While we’re all doing our part to contribute to the health and safety of our community, at-home activities like family time and reading take center stage.
We asked our team of avid readers for some top recommendations. The only requirements were that the books be appropriate for high-school-aged readers, and that they not be books that regularly show up on high school reading lists. Fiction and nonfiction, memoir and sci-fi—it’s all here.
Stay safe, and happy reading!
Breaking out of Beginner Spanish by Joseph Keenan
Recommended by James Backlund
This is THE book that takes all the Spanish you learned in the classroom, and makes it actually USEFUL as a language you can use to communicate with other people.
Circe by Madeline Miller
Recommended by Sebastian von Zerneck
Circe is the riveting tale of monsters, quests, and Olympian gods & goddesses. Circe, the narrator, is not your average storyteller: she’s powerful, dangerous, and immortal! For a transgression against the Olympians, she is banned to a secluded island where she resolves to live a meaningful existence regardless.

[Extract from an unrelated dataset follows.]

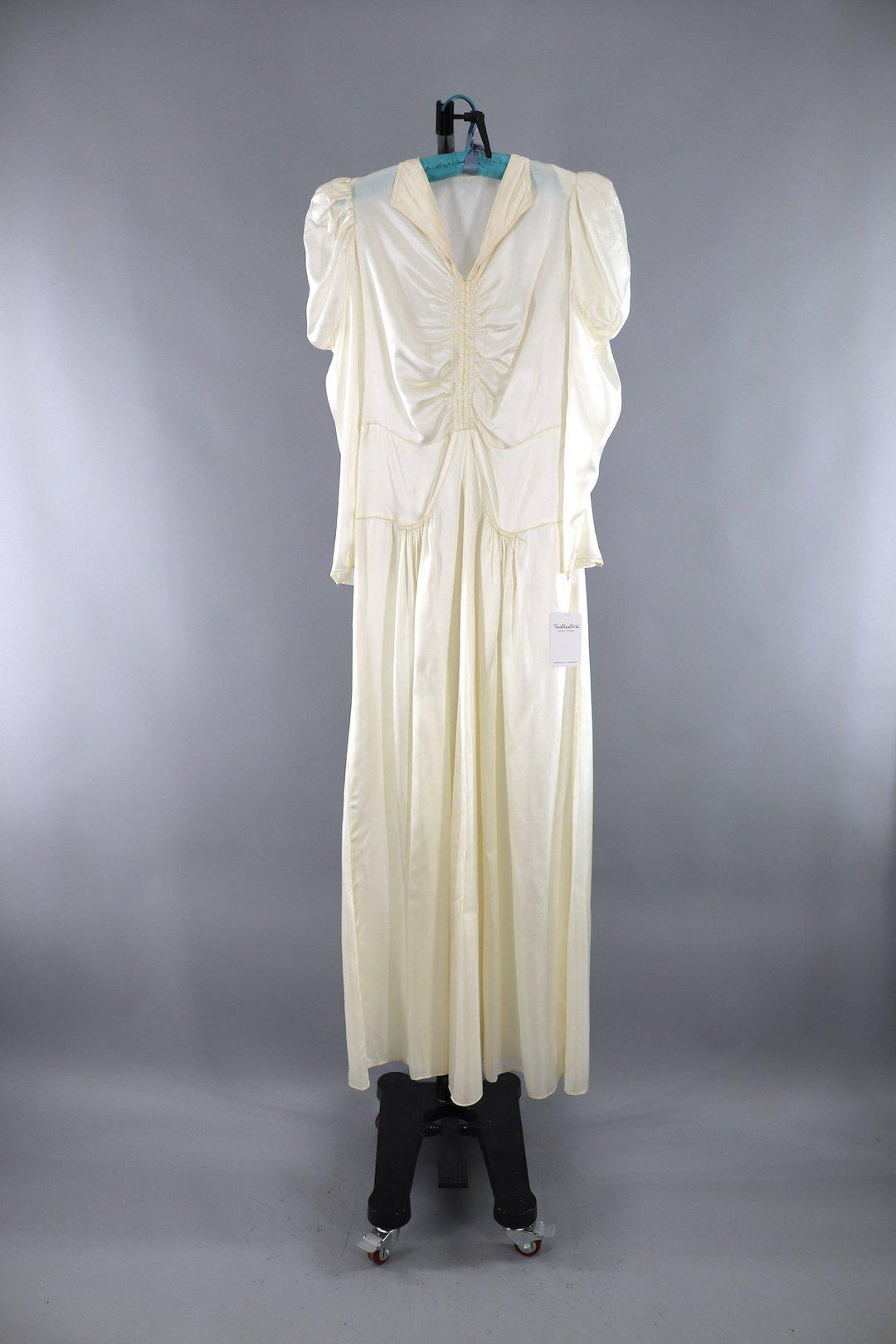 Vintage 1940s Satin Wedding Dress - ThisBlueBird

Her adventures get her involved with some of our favorite characters from Greek mythology. If you liked the Percy Jackson books, you’ll love this novel!
Naive. Super by Erland Loe
Recommended by Jacob Schott
I think the title says it all. A bored, slightly naive young adult in Norway navigates their way through daily life before taking a trip to New York to confirm or disconfirm whether or not it is true that time moves slower at the top of the Empire State building than at street level. Trust me, this blurb doesn’t do the book justice…
Resurrection by Leo Tolstoy
Recommended by Matthew Downhour
Resurrection is shorter and more readable than Tolstoy’s more famous books, War and Peace and Anna Karenina, so it’s a good introduction to one of the giants of the classical literary canon. It is also a strong book in its own right, delving more directly into Tolstoy’s unique social and religious philosophy, which would inspire such historical figures as Mohandas K Gandhi and Dr. Martin Luther King, Jr.
A Gentleman in Moscow by Amor Towles
Recommended by Andrew Houghton
This brilliant book revolves around a Count Alexander Ilyich Rostov, who is commanded by a Bolshevik tribunal to spend the rest of his life in a luxury hotel in Moscow. In my view, the count is a great guy whose life just keeps getting smaller and smaller. If he can survive and be happy in the hotel, what does that mean for us in our lives?
McTeague by Frank Norris
Recommended by Noah Larson
A Scottish dentist whose dream is to get a sign outside of his dental practice (the sign will be a massive tooth). His wife, Trina Sieppe, whose frugality leads her to obsessively craft Noah’s ark figurines and horde every penny. Marcus Schouler, McTeague’s best friend turned mortal enemy, whose desire to find and get even with McTeague leads them in a harrowing journey into the desert. One of the strangest but most interesting novels you will ever read!